The size of the Fed's balance sheet is significant because the central bank's bond purchases have been considered a key element in keeping interest rates low while boosting financial markets by keeping money flowing.
Wall Street reacted negatively to the news, with stocks falling and government bond yields rising on the prospect of a tighter Fed in 2022.
Fed officials said repeatedly during the meeting that they believe ultra-easy policies instituted in the early days of the Covid-19 pandemic were no longer warranted or justified. Addressing the key pillars of their dual goals, committee members expressed concern over surging inflation while saying they see the jobs market at close to full employment.
"They did more than talk about this. Obviously, there was a fairly lengthy discussion. This was a pretty serious conversation," Kathy Jones, chief fixed income strategist at Charles Schwab, said of the minutes, which had a special section titled "Discussion of Policy Normalization Considerations."
"The fact that almost all participants agreed that it was appropriate to initiate the balance sheet runoff after the first increase in the target range for the fed funds rate implies that there's not a big appetite for 'let's wait and see.'" Jones added. "Last time, they waited two years. This time, it looks like they're ready to go."

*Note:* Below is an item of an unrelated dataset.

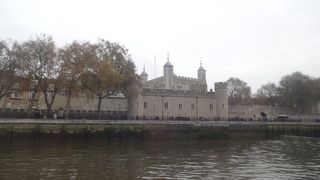11月だというのに、ロンドン塔周辺は何故か大混雑！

During that 2017-19 reduction, the Fed allowed a capped level of proceeds from the bonds it holds roll off each month while reinvesting the rest. The central bank started by allowing $10 billion of Treasurys and mortgage-backed securities each quarter to roll off, increasing by that much each period until the caps reached $50 billion.
The program was intended to get the balance sheet down considerably but was short-circuited by global economic weakness in 2019, followed by the pandemic crisis in 2020. In all, the reduction amount to only about $600 billion. Former President Donald Trump was a vocal critic of the program, sometimes referred to as "quantitative tightening," as he lambasted Fed officials.
Rate hikes, tapering ahead
As expected, the Fed's policymaking group following the December meeting kept its benchmark interest rate anchored near zero. However, officials also indicated that they foresee up to three quarter-percentage point increases in 2022, as well as another three hikes in 2023 and two more the year after that.
Officials at the meeting indicated that inflation gauges "had been higher and were more persistent than previously anticipated," the minutes stated. While members said they think growth will be "robust" in 2022, they also said inflation poses a strong risk, perhaps even more so than the pandemic.
Consequently, they said it would be time to tighten policy sooner than anticipated.
"Some participants judged that a less accommodative future stance of policy would likely be warranted and that the Committee should convey a strong commitment to address elevated inflation pressures," the minutes said.
Along those lines, the committee announced it would speed up the tapering pace of its monthly bond-buying program. Under the new plan, the program would now end around March, after which it would free up the committee to start hiking rates.
Current fed fund futures market pricing is indicating about a 2-to-1 chance of the first hike coming in March, according to the CME's FedWatch Tool. Traders figure the next increase would come in June or July, followed by a third move in November or December.
Fed officials indicated that the reasoning behind the moves was in response to inflation that is higher and more persistent than they had figured. Consumer prices are rising at their fastest pace in nearly 40 years.